New EU farm ‘greening’ rules eased

Environment Minister Elizabeth Truss
Environment Minister Elizabeth Truss
Have your say

FARMERS ARE being given more options to meet new so-called greening rules as part of the conditions for receiving European subsidy payments, the government has announced.

Environment Secretary Elizabeth Truss, who was reinstated in her role after the Conservatives surprise outright general election victory, said she welcomed changes announced by the European Commission to make it easier for UK farmers to meet Common Agricultural Policy (CAP) rules, but warned that there is still more to do reduce the burdens of the current scheme.

From next year, farmers will have more choice of hedgerows on their land that can be used to meet the new greening rules as part of their Basic Payment Scheme claim.

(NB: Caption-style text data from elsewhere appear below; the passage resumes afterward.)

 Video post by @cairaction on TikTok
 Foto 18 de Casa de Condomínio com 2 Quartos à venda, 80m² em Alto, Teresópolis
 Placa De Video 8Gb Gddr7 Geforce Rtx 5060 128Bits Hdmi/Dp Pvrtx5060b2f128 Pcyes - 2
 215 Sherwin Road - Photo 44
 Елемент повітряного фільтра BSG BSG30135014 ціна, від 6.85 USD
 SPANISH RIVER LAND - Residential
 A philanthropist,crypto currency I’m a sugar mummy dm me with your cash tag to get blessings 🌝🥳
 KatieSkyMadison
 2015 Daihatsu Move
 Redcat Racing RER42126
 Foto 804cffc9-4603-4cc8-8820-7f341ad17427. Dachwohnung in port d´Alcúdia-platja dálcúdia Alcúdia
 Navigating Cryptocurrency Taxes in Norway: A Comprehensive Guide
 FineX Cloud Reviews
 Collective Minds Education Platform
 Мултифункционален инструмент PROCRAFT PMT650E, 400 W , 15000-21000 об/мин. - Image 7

The change – one of three improvements Miss Truss said that the UK has managed to secure from Europe – will mean that hedges separated from a field by another feature such as a farm track or a wide ditch can now be counted towards their greening requirements, and make it easier for farmers to complete their claim.

“Food and farming is a powerhouse of our economy and I will not allow anything to stand in the way of the progress of this thriving industry,” the Leeds-raised MP and cabinet minister said.

“That includes making the rules farmers need to follow as simple as possible. Reducing the complexity of the CAP and the red tape that comes with it is something I have been pushing for with Commissioner Hogan so I welcome these steps to help our farmers.

“This is good progress but there is much more to do and I will continue to press the Commission to be bolder in their reforms, including a full and urgent review of the greening regulations and more flexible inspections to allow farmers to use more photographic evidence to support farm visits.”

In addition to the increased choice of hedgerows for greening, the UK secured two other changes from the European Commission, the Department for Environment, Food and Rural Affairs (Defra) said. These are:

Making it easier for the Rural Payments Agency (RPA) to process farmers’ claims by removing the need to have detailed maps of features such as ponds, ditches and hedgerows that are not part of their application;

Avoiding the need for areas of heather to be listed differently to other types of grassland on RPA’s maps.

Defra said that Miss Truss set out the case for these reforms to the EU’s Agriculture Commissioner Phil Hogan during a visit he made to the UK in February, when he was invited to meet farmers who explained the changes they would need to make to their businesses to meet the new greening rules.

The application window for the new Basic Farm Payment scheme is now closed and the RPA has confirmed that some 84,500 farmers submitted their claim ahead of Monday’s midnight deadline; a figure the Agency said was set to rise as claims handed in at RPA drop-in centres late on Monday continued to be counted.

Farmers who have yet to make a claim can still do so up to midnight on July 10 but face a one per cent penalty for every working day a claim is late.

Farming Minister George Eustice has said payments will start being delivered in December, despite the abandonment of the RPA’s online-only application process after “performance issues” part-way through the application window.